#### INPUT DATA
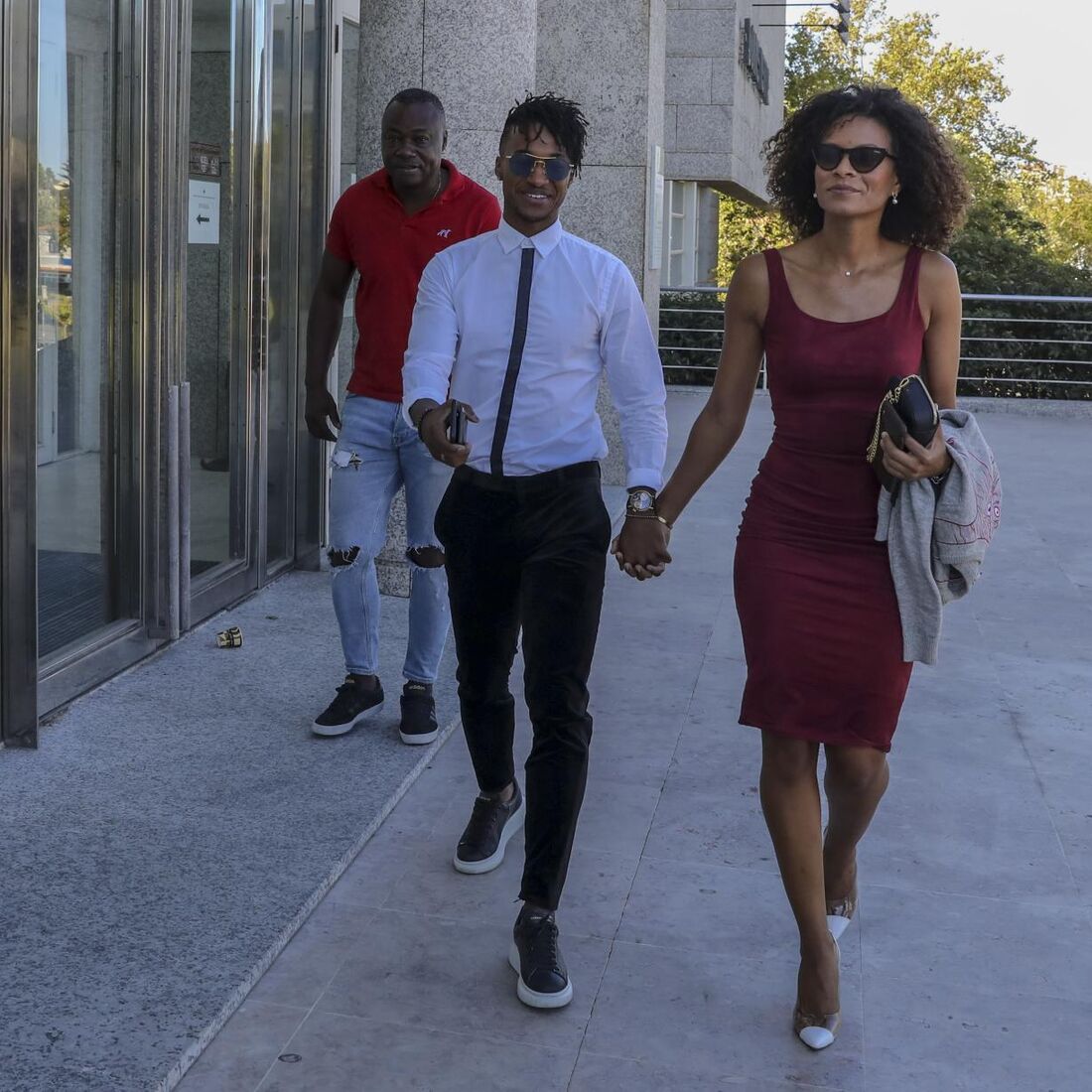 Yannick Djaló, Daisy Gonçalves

--

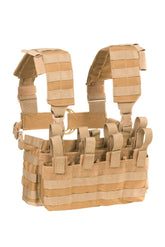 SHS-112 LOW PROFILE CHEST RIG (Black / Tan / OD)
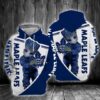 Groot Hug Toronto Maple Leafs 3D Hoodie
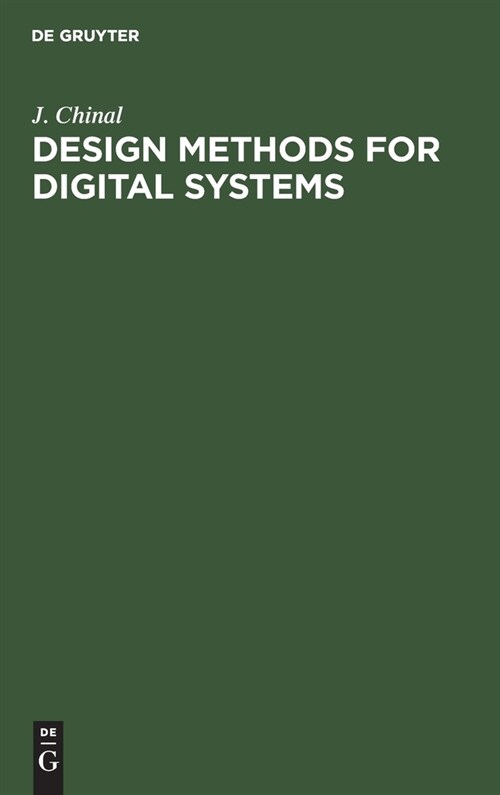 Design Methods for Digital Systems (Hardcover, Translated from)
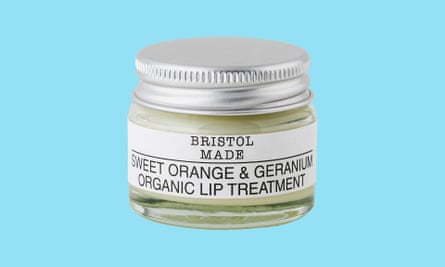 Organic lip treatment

#### PROBLEM DESCRIPTION
Print everything from the line with "Groot Hug Toronto Maple Leafs 3D Hoodie" down to the line with "Organic lip treatment" in the entries above, both lines included and nothing more, without the pictures.

#### ANSWER TO THE EXERCISE
 Groot Hug Toronto Maple Leafs 3D Hoodie
 Design Methods for Digital Systems (Hardcover, Translated from)
 Organic lip treatment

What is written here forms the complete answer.